Anaya's early novel, and his latest novella, more than 40 years later, shimmer with a similar voice and a similar, uncommon spirit.

The work of New Mexico writer Rudolfo Anaya includes children's stories, plays, essays, and novels (Bless Me, Ultima; Heart of Aztlan; Tortuga; Alburquerque; Randy Lopez Goes Home, among others). They're set in New Mexico and celebrate aspects of Chicano history, legend, and life. In many of them, the physical, spiritual and mythical commingle; for some of them, their purpose seems to be to sustain culture.

In The Old Man's Love Story, the unnamed narrator ("the old man")—a teacher and writer—is struggling to deal with the death of his wife. As the old man considered them soul mates in life, he cannot accept spiritual separation in death. She's depicted through memories and the old man's images, but she also enters the story with her own voice and point of view.

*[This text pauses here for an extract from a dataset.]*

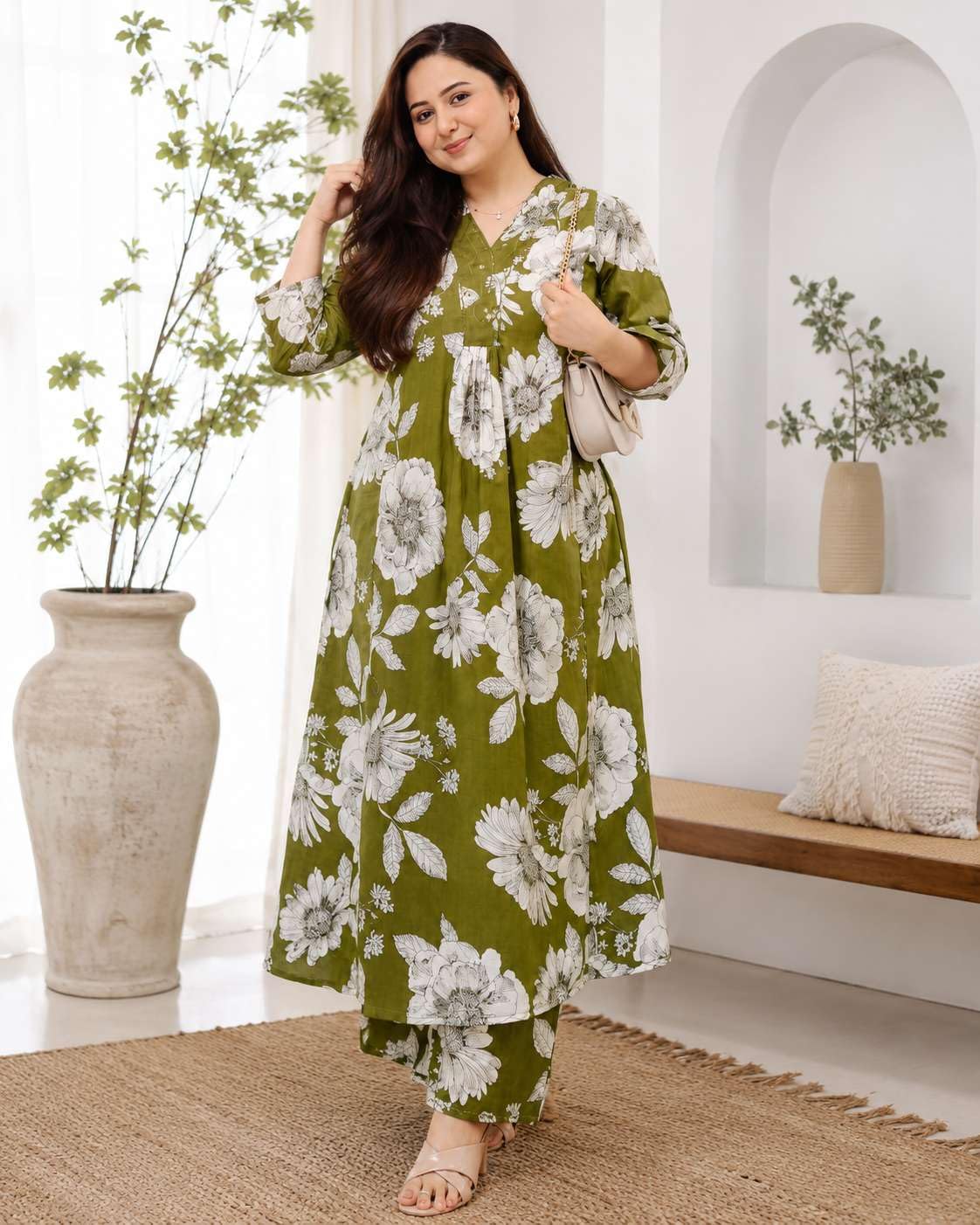 Women's Cotton Floral Printed Straight Kurti With Pant Set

As a sort of narrative meditation on love and grieving, not much actually happens in this book. The old man tries to hang on to his wife; he tries to make it through daily activities as she "guides" him; and he thinks ... about the nature of loss, love, God, place, the imagination, creativity, the soul, the brain, time, the universe. Meanwhile, the old man works at avoiding crying jags in public. He embarrasses himself on the street by mistaking a woman dressed similarly to his wife for his wife. And he engages in more than a little magical thinking—including trying to contact her by surrounding himself with her photographs, and seeing her reincarnated as a dove. Eventually, he begins to think about dissipating his loneliness by starting a new relationship. And she encourages him to do so.

What action does occur is at times, if not repetitive, at least recursive: the old man makes a decision (often prompted by his ongoing "conversations" with his wife), sort of acts on it, slips back, then makes another, similar decision. Feelings of loss, loneliness and love come to him in waves; much, you recognize, as grief must be experienced. Anaya draws us into the old man's grief, but not in a pathetic, pitiful manner. He draws us into his speculations about death and grief, and he buries action under speculation.

Some of the appealing qualities of Bless Me, Ultima—not always apparent in some other intervening works—reappear in this book. One is the diaphanous, fluid division between "worlds"—spiritual and physical; mythological and natural. In his musings about where and what his wife's spirit is, the old man thinks about the shamanlike role he thought he'd played as a writer. "He thought," Anaya writes, "he had the ability to communicate with the spirit world. Not just communicate, he could go there. He had entered that world many times, like Odysseus had entered Hades, like Jesus had walked in hell." The writer's job, the old man thinks, is "to enter that world and return." The writer-hero has shamanic powers. But, with his wife's death, the old man fears he was misled ... until she reaches out to him.

Stylistically, The Old Man's Love Story is fablelike. The language is simple, the characters abstracted, without names. Other fables and legends grow naturally out of the action. In one chapter, the old man explains death. It grew out of a deal, he writes, struck between God and the Angel of Death (as this was early in the Creation, the Angel of Death didn't yet have a job). "If you allow humans to experience death and grief," he says to God, "I will give them two other gifts." And God agrees.

Anaya has acknowledged that some of his early work—Ultima and Tortuga, for example—had strong autobiographical elements. In the preface to The Old Man's Love Story, he thanks friends and family who have supported him since his wife's death; in an interview about the book, he says he wrote it in appreciation for their support since she died in 2010.

This is not a book for everyone—its lyrical, thoughtful, spiritual and religious qualities won't appeal to all. But for anyone who loved Tony and Ultima, and Anaya's New Mexico, and who wondered what became of that young boy with the dreams and the spirit, The Old Man's Love Story is their affecting, affirming answer. Bendito sea, Old Man.